DATA BELOW:

····················

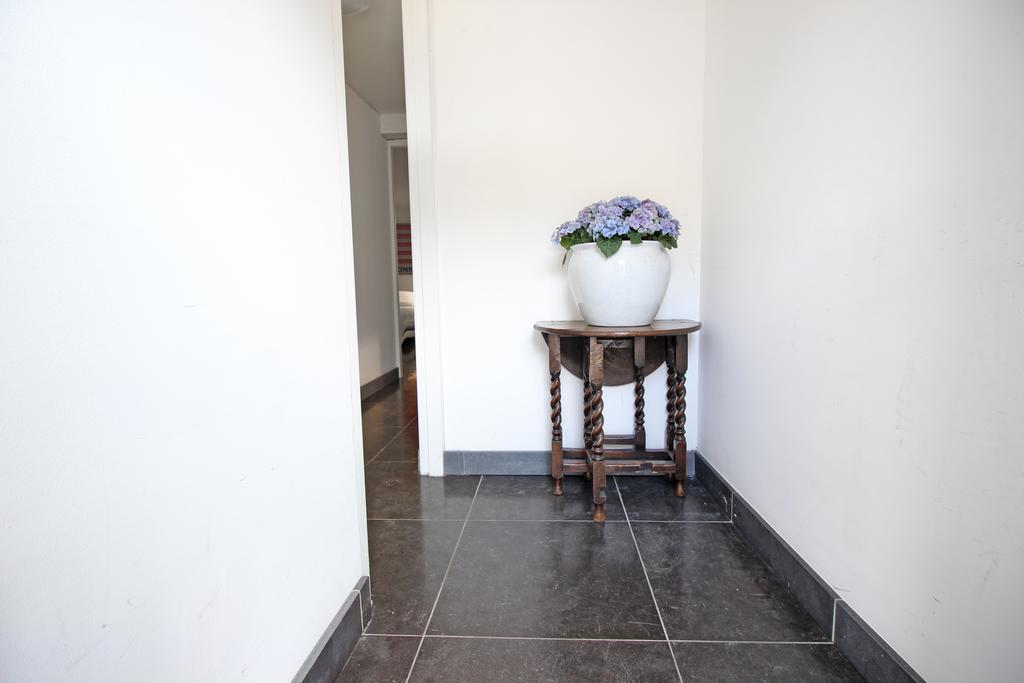 Ground Floor Canal Apartment Amsterdam Eksteriør bilde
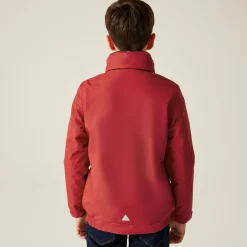 Regatta Veste isolante doublée polaire imperméable et respirante Junior Dover |<Enfant Vestes|Vestes Imperméables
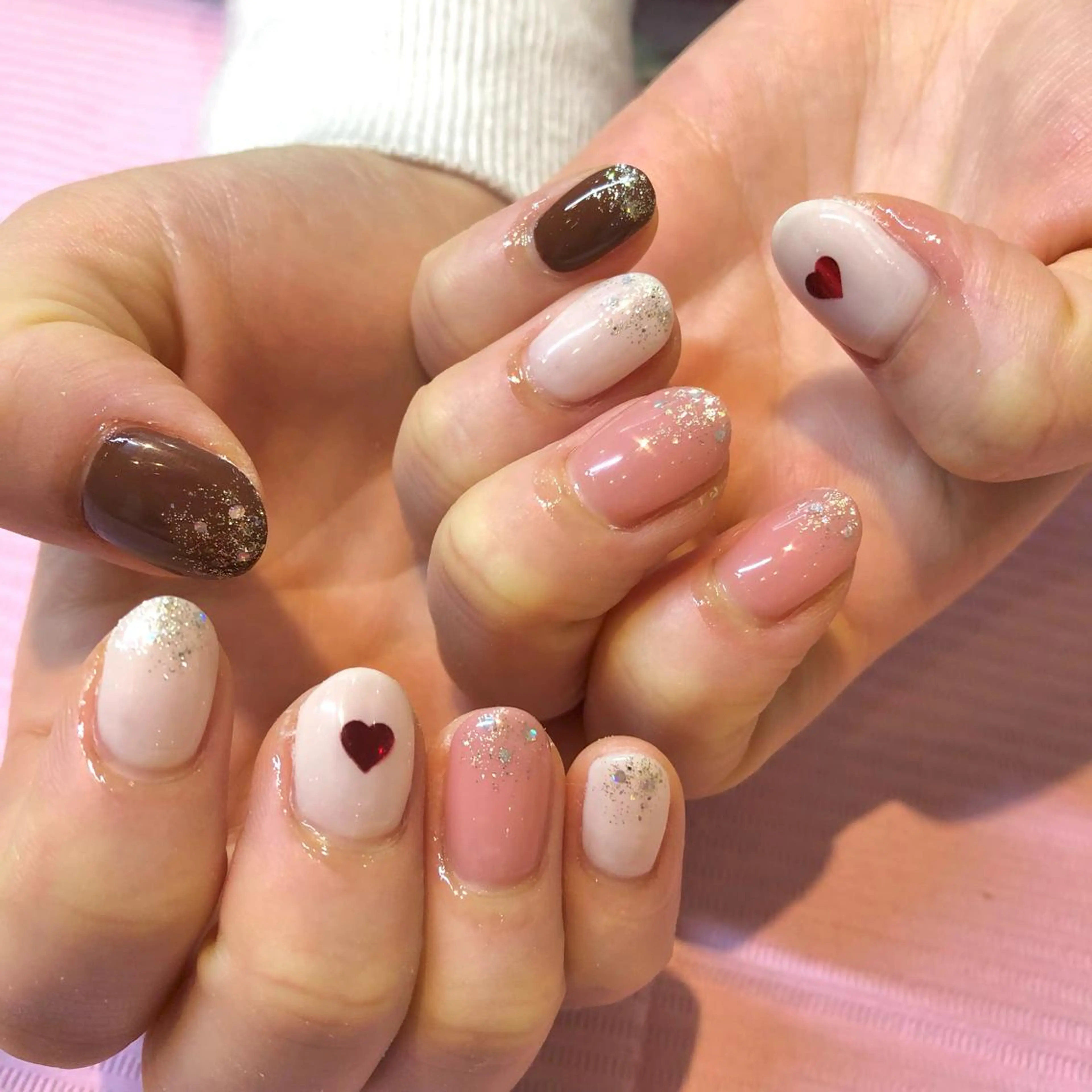 ネイル Nail salon Spring St.のネイルデザイン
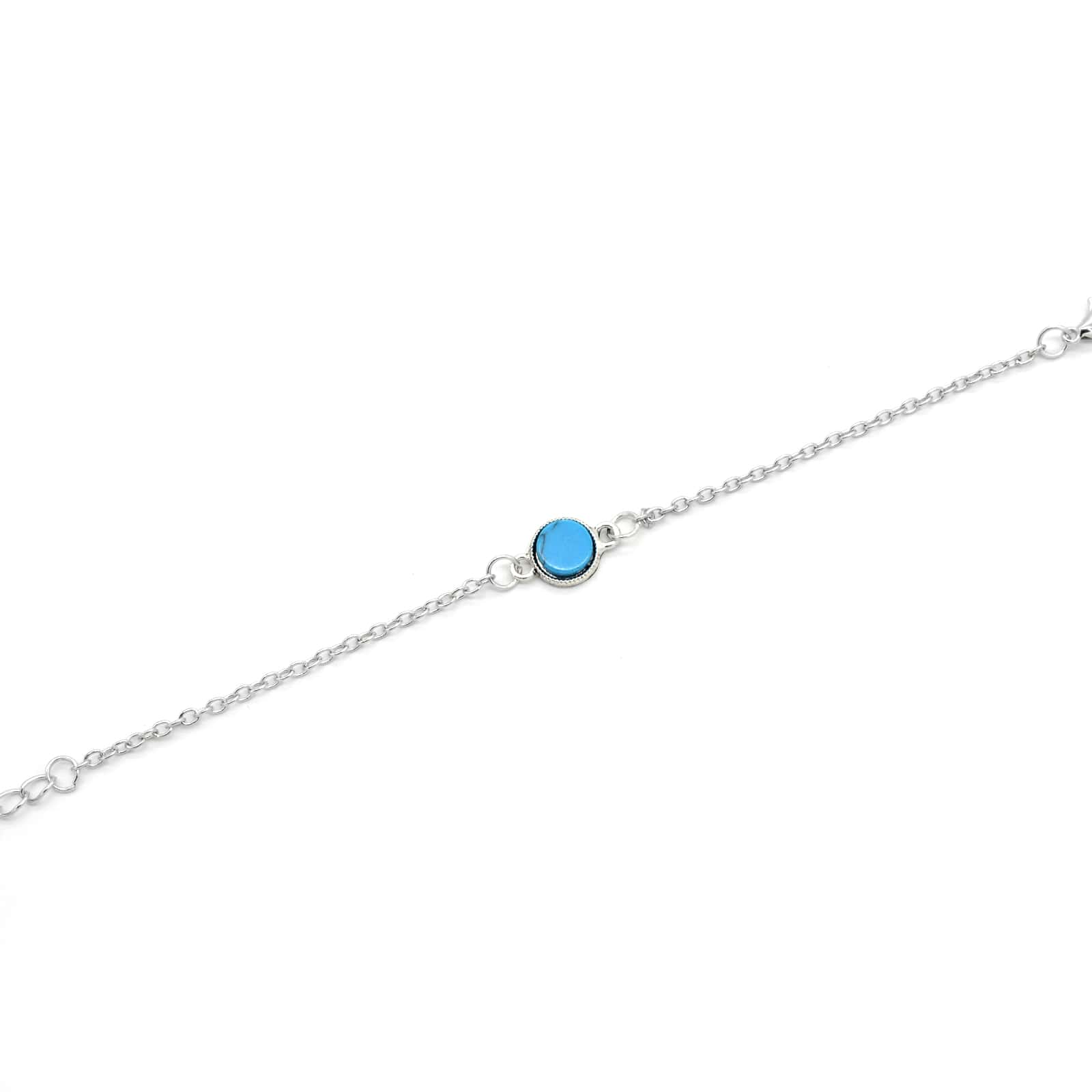 Cold Moon Set Of 5 Silver Bracelets - Image 4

····················

INSTRUCTIONS FOR THE TASK: Only exact copies are wanted here. Write out the lines from the one containing "ネイル Nail salon Spring St.のネイルデザイン" through the end of the material and no others, omitting all pictures.

OUTPUT FOR THIS EXERCISE:
 ネイル Nail salon Spring St.のネイルデザイン
 Cold Moon Set Of 5 Silver Bracelets - Image 4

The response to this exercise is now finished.